In some examples, the user device 102 may communicate with one or more of an end-to-end controller 104 via network(s) 106. Network(s) 106 may include any combination of Personal Area Networks (PANs), Local Area Networks (LANs), Campus Area Networks (CANs), Metropolitan Area Networks (MANs), extranets, intranets, the Internet, Wide Area Networks (WANs)—both centralized and/or distributed—and/or any combination, permutation, and/or aggregation thereof. In some examples, the network(s) 106 may correspond to a private enterprise network, a cellular network (e.g., such as a 5g network), or any other type of network. The user device(s) 102 may communicate using any type of protocol over the network(s) 106, such as the transmission control protocol/Internet protocol (TCP/IP) that is used to govern connects to and over the Internet.

In some examples, the end-to-end controller 104 is configured to receive a slice provisioning request 108 from the user device 102. In some examples, the end-to-end controller 104 may comprise a computing device, processor(s), memory, etc. In some examples, the end-to-end controller 104 may correspond to a network orchestrator of the network 106. For instance, the end-to-end controller 104 may correspond to a NSMF of a 5G network.

In some examples, the end-to-end controller 104 is configured to communicate with one or more subdomains within the network 106. For instance, as illustrated in FIG. 1, the end-to-end controller 104 may communicate with a transport controller 110 of a transport network. For instance, the end-to-end controller 104 may send transport slice request(s) 112 to the transport controller 110. In some examples, the transport slice request(s) 112 may comprise a list. In some examples, the list may comprise a fixed endpoint (e.g., such as endpoint A) and one or more candidate endpoints (e.g., endpoint X, endpoint Y, and endpoint Z). In some examples, the fixed endpoint A may correspond to a first transport network device 116A and the one or more candidate endpoint(s) may correspond to one or more additional transport network device(s) 116B, 116N, etc. In some examples, the list may further comprise one or more constraints that need to be met for a particular user (such as latency), intent, etc. In some examples, the transport slice request 112 may correspond to a transport slice feasibility request.

In some examples, the transport controller 110 is configured to send transport slice response(s) 114 to the end-to-end controller 104. In some examples, the transport slice response 114 may correspond to a transport slice feasibility response. In some examples, the transport slice feasibility response may indicate an ordered list of one or more feasible candidate endpoints. In some examples, the transport slice response 114 indicates a provisioned pathway and/or endpoint and an indication of a connection to the provisioned endpoint (e.g., connection successful, etc.).

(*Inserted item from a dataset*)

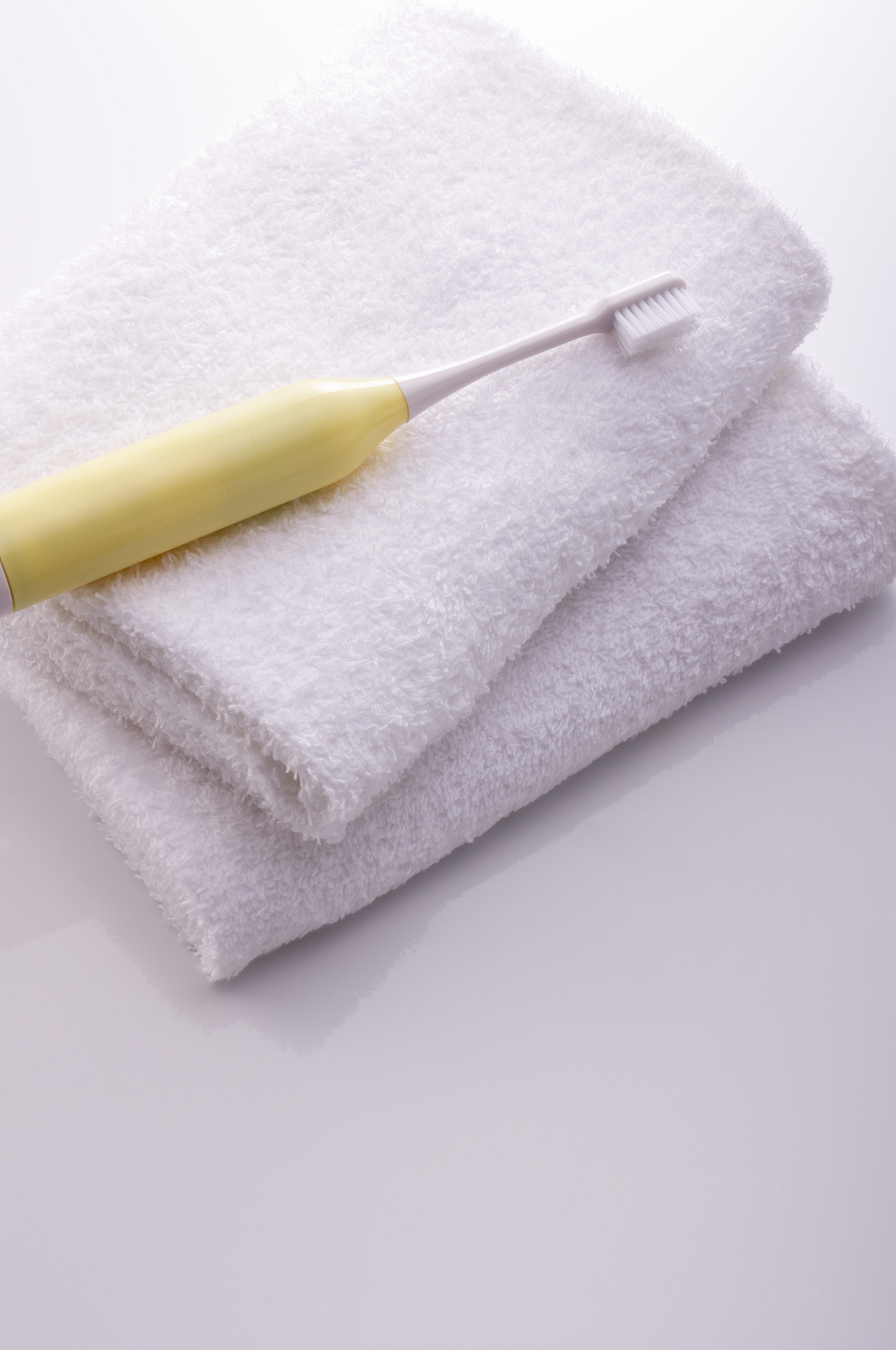toothbrush on white towel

In some examples, the transport controller 110 is configured to communicate with transport network device(s) 116 within the transport network. For instance, the transport controller 110 may receive data 118 from the transport network device(s) 116. In some examples, the data may comprise real-time telemetry data. In some examples, the data from the transport devices may comprise real-time telemetry data (e.g., CPU data, number of surfaces a transport device has, how loaded the transport device is, traffic volume, etc.). In some examples, the data comprises historical information associated with a transport device, analytic data, an existing slice placement, and reservation data. In some examples, the transport devices may correspond to one or more site(s), server(s), and/or datacenters. In some examples, the transport network device(s) 116A are configured to communicate with one or more other transport network device(s) 116B, 116N, etc. In some examples, the transport network device(s) 116 are configured to execute one or more workload(s) 120. For instance, the workload(s) 120 may correspond to a network slice (e.g., such as a gNodeBs, UPFs, etc.).

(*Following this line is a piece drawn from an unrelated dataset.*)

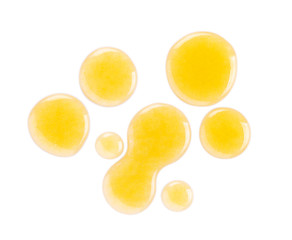 Sweet honey drop isolated on white background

In some examples, the transport controller 110 is configured to place network slice(s) at one or more endpoints. For instance, the transport controller 110 may provision network slice(s) automatically and dynamically and/or based on receiving instructions from the end-to-end controller 104, where the instructions indicate an endpoint to place workload 120 (e.g., such as a network slice, gNodeB, UPFs, etc.) at. In some examples, the fixed endpoint may correspond to a location where the gNodeB is placed. In some examples, an endpoint (e.g., candidate endpoint or fixed endpoint) may comprise an SDP. In some examples, a candidate endpoint may correspond to a location where one or more UPFs are placed. As noted above, the endpoints (e.g., candidate endpoint(s) and/or fixed endpoint(s)) may correspond to one or more of the transport network device(s) 116.

In some examples, an endpoint may correspond to a datacenter. In some examples, the one or more constraints may comprise one or more SLO/SLE constraints, such as latency. In some examples, the transport network is included as part of a 5G network. In some examples, the endpoints may correspond to one or more transport devices within the transport network. In some examples, the endpoints may correspond to one or more data centers. The one or more data centers may be physical facilities or buildings located across geographic areas that designated to store networked devices that are part of a manufacturer. The data centers may include various network devices, as well as redundant or backup components and infrastructure for power supply, data communications connections, environmental controls, and various security devices. In some examples, the data centers may include one or more virtual data centers which are a pool or collection of cloud infrastructure resources specifically designed for enterprise needs, and/or for cloud-based service provider needs. Generally, the data centers (physical and/or virtual) may provide basic resources such as processor (CPU), memory (RAM), storage (disk), and networking (bandwidth). However, in some examples the devices in the packet-forwarding networks may not be located in explicitly defined data centers, but may be located in other locations or buildings. In some examples, the endpoints may correspond to one or more network devices. In some examples, the network devices may correspond to any computing device, routers, switches, computers, or any other type of network device.

At “1”, the end-to-end controller may receive a slice provisioning request 108 from a user device. For instance, the end-to-end controller 104 may receive the slice provisioning request 108 from user device 102.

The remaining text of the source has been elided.